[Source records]
------------------------------
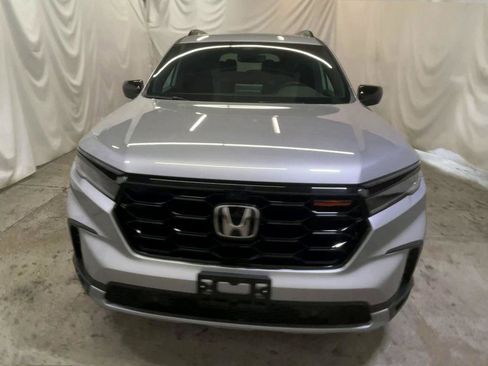Certified 2025 Honda Pilot TrailSport image 3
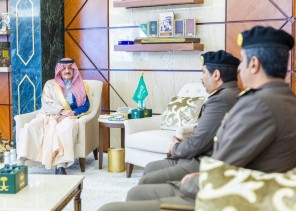 سمو أمير الشرقية يستقبل مدير شرطة المنطقة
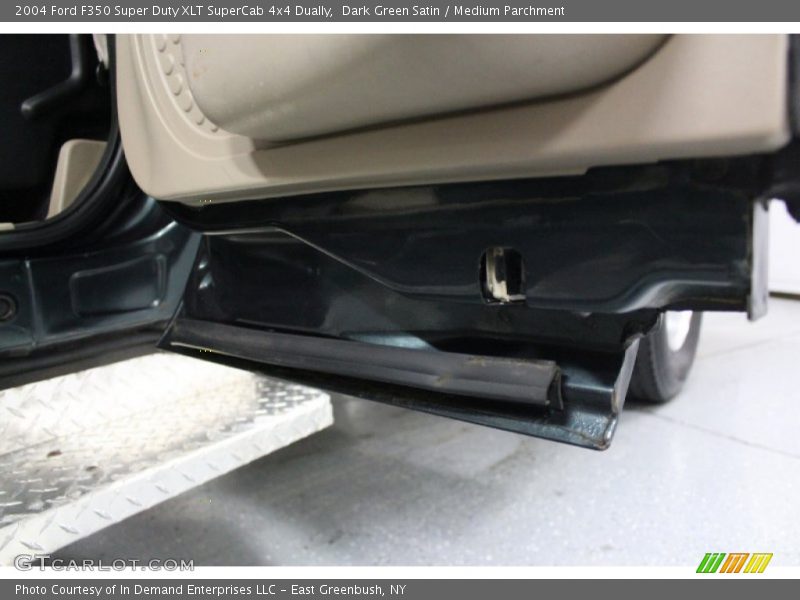 Dark Green Satin / Medium Parchment 2004 Ford F350 Super Duty XLT SuperCab 4x4 Dually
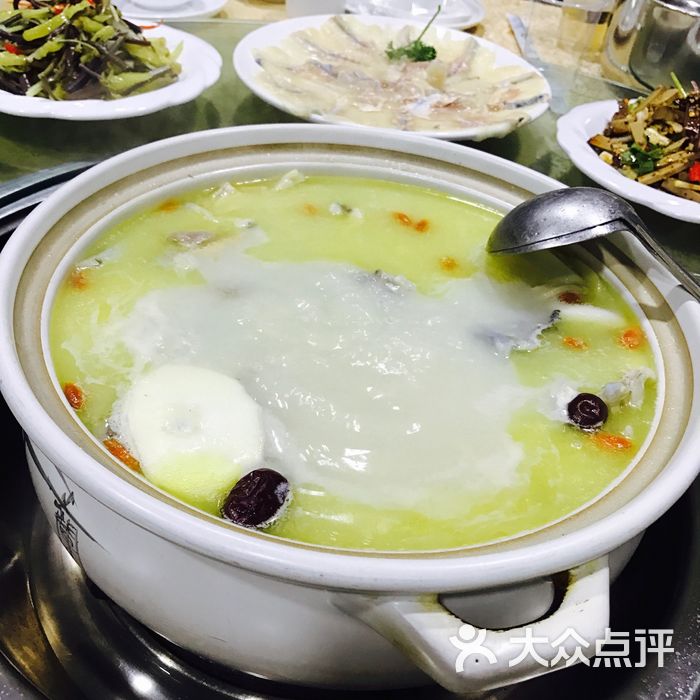 布食鱼水湾参鱼火锅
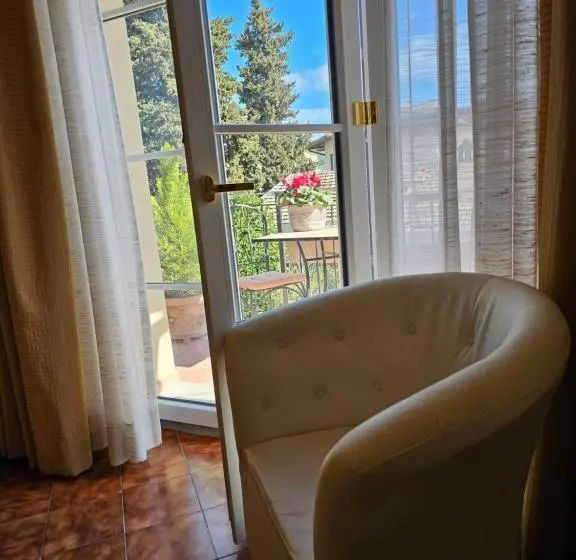 ベッドアンドブレックファースト Chiantirooms Guesthouse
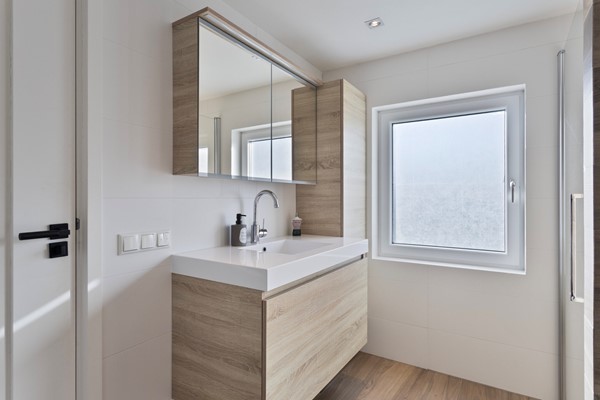 Medium property photo - Burgemeester van Ginnekenstraat 11, 6021 AH Budel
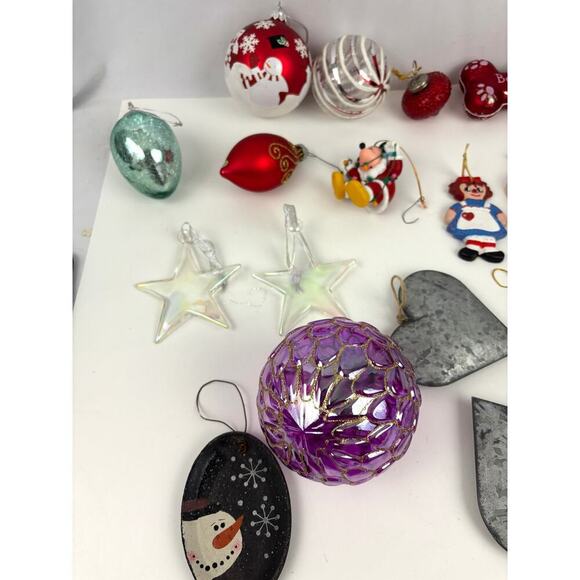 Lot of 22 Holiday Ornaments Christmas Stars Sphere Santa Metal Bundle - Picture 2 of 15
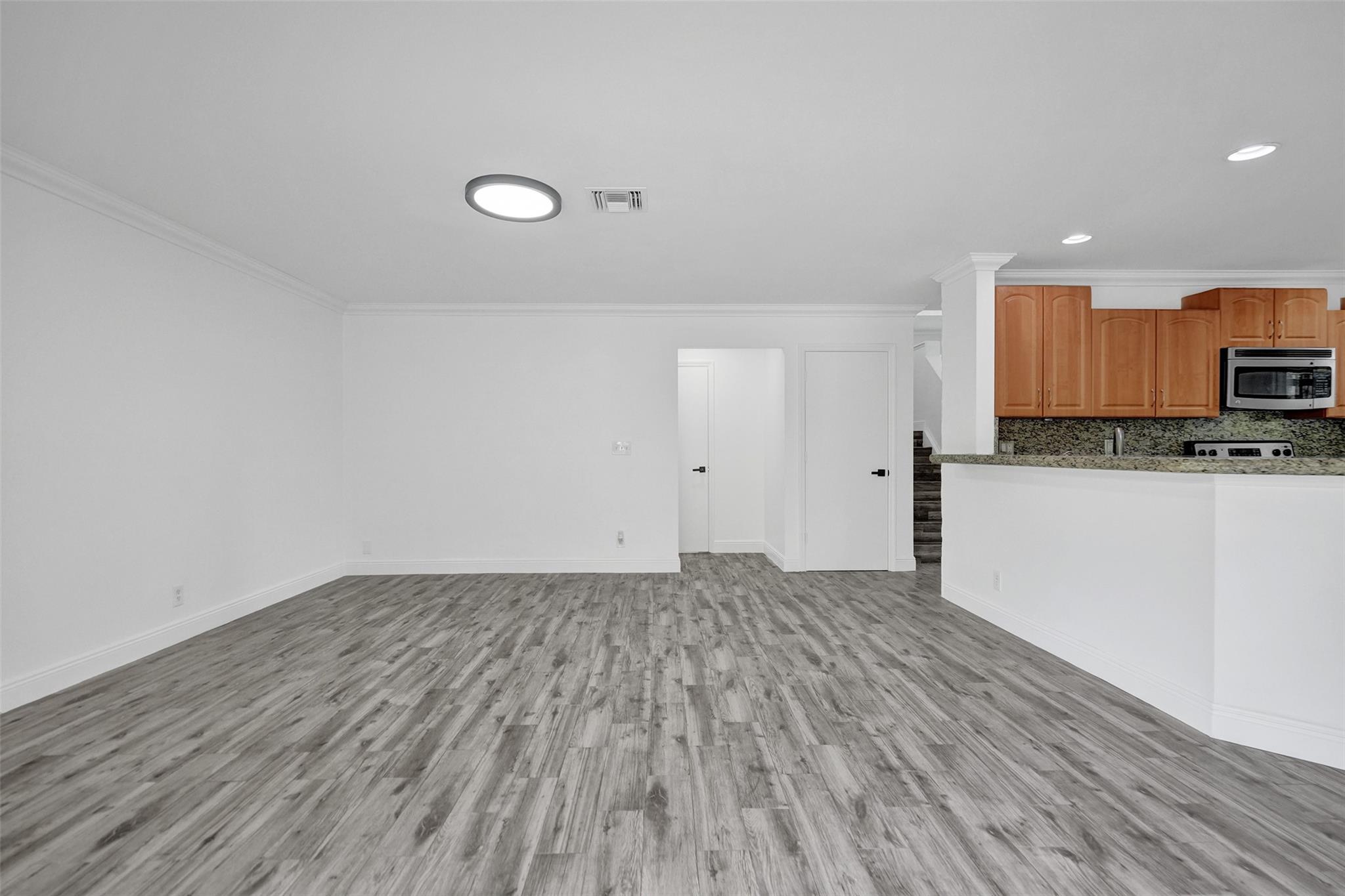 Pine Ridge 112-37 B - Residential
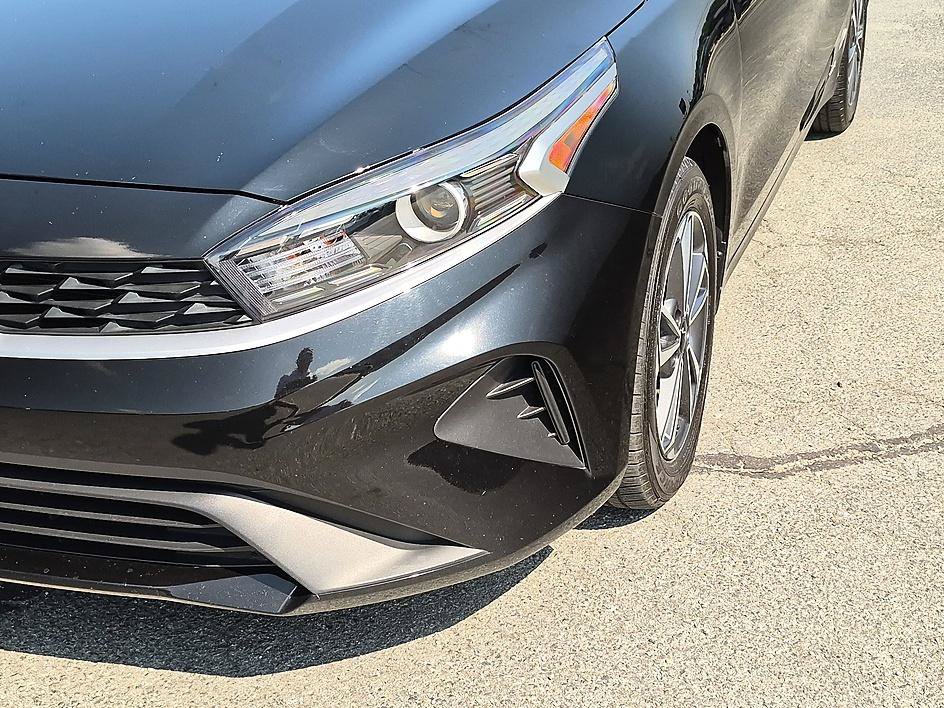 Used 2022 Kia Forte LXS FWD image 9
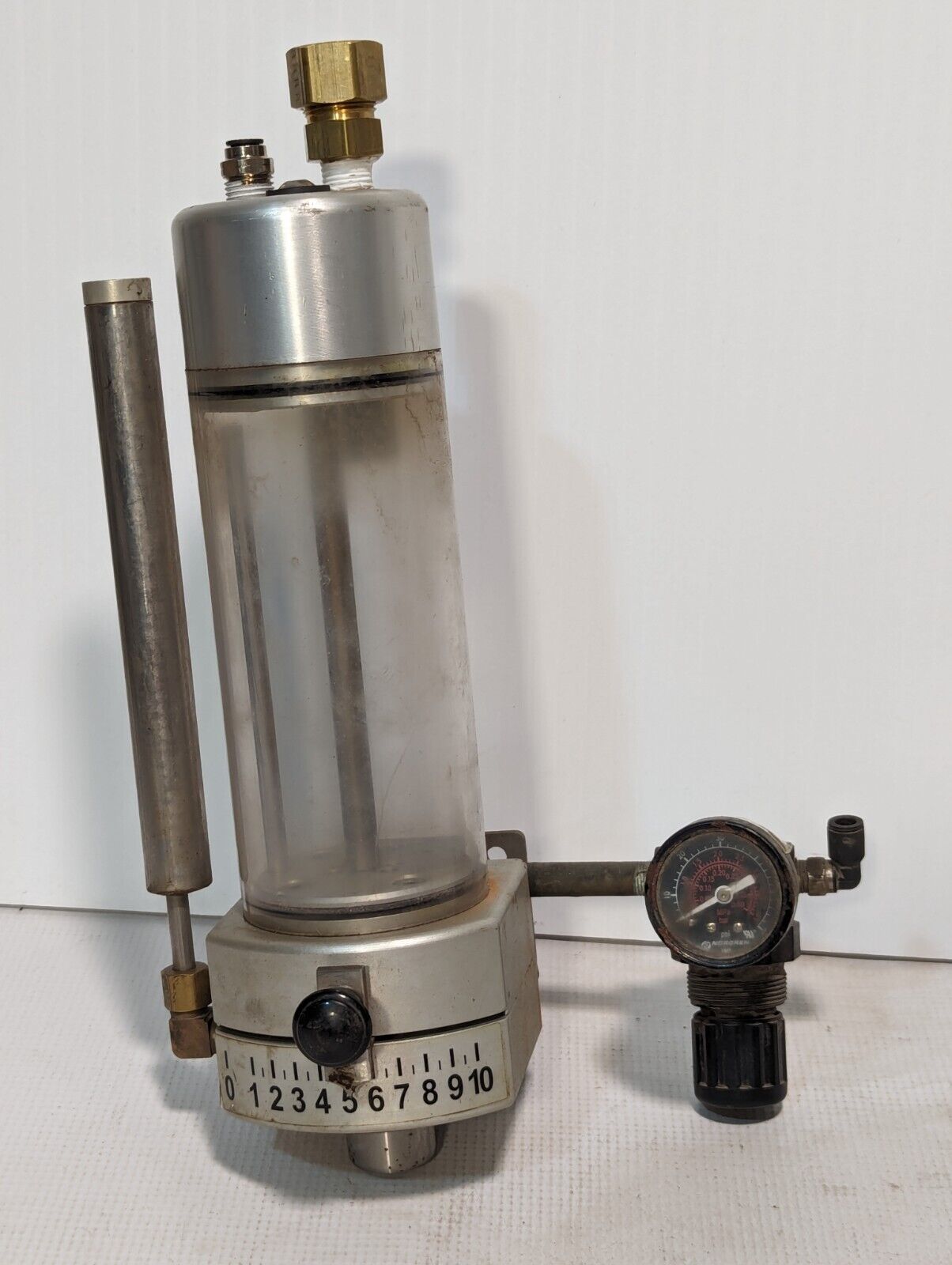 Pressure Regulator R07-100-RGEA with Imi Norgren Regulator - Free Shipping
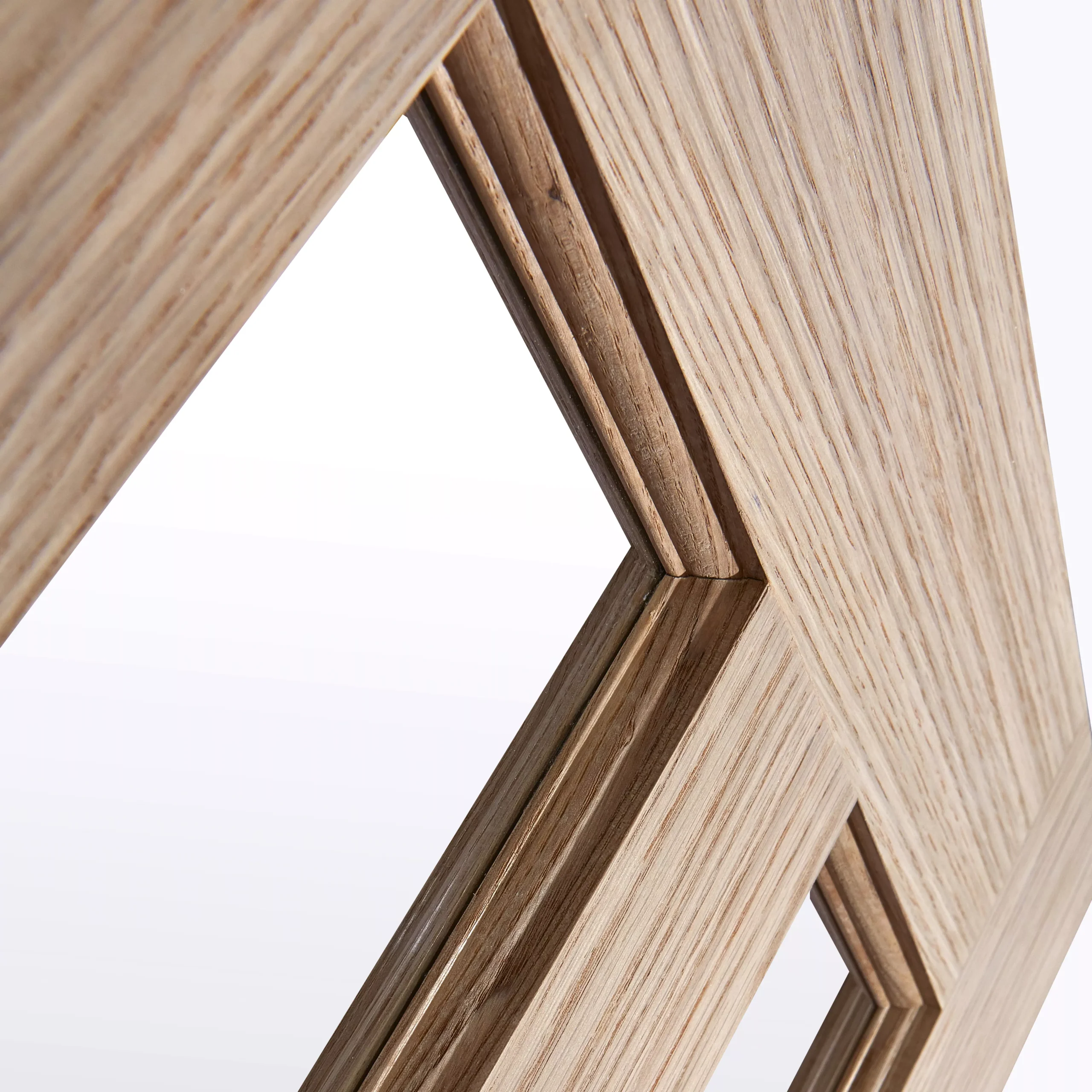 Vertical 3 Panel Frosted Glazed Oak Veneer Internal Door, (H)1981mm (W)686mm (T)35mm 5 Vertical 3 Panel Frosted Glazed Oak Veneer Internal Door, (H)1981mm (W)686mm (T)35mm - Image 3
------------------------------
Problem to work on: Word for word, print every record, and leave out any picture.

Task result:
Certified 2025 Honda Pilot TrailSport image 3
 سمو أمير الشرقية يستقبل مدير شرطة المنطقة
 Dark Green Satin / Medium Parchment 2004 Ford F350 Super Duty XLT SuperCab 4x4 Dually
 布食鱼水湾参鱼火锅
 ベッドアンドブレックファースト Chiantirooms Guesthouse
 Medium property photo - Burgemeester van Ginnekenstraat 11, 6021 AH Budel
 Lot of 22 Holiday Ornaments Christmas Stars Sphere Santa Metal Bundle - Picture 2 of 15
 Pine Ridge 112-37 B - Residential
 Used 2022 Kia Forte LXS FWD image 9
 Pressure Regulator R07-100-RGEA with Imi Norgren Regulator - Free Shipping
 Vertical 3 Panel Frosted Glazed Oak Veneer Internal Door, (H)1981mm (W)686mm (T)35mm 5 Vertical 3 Panel Frosted Glazed Oak Veneer Internal Door, (H)1981mm (W)686mm (T)35mm - Image 3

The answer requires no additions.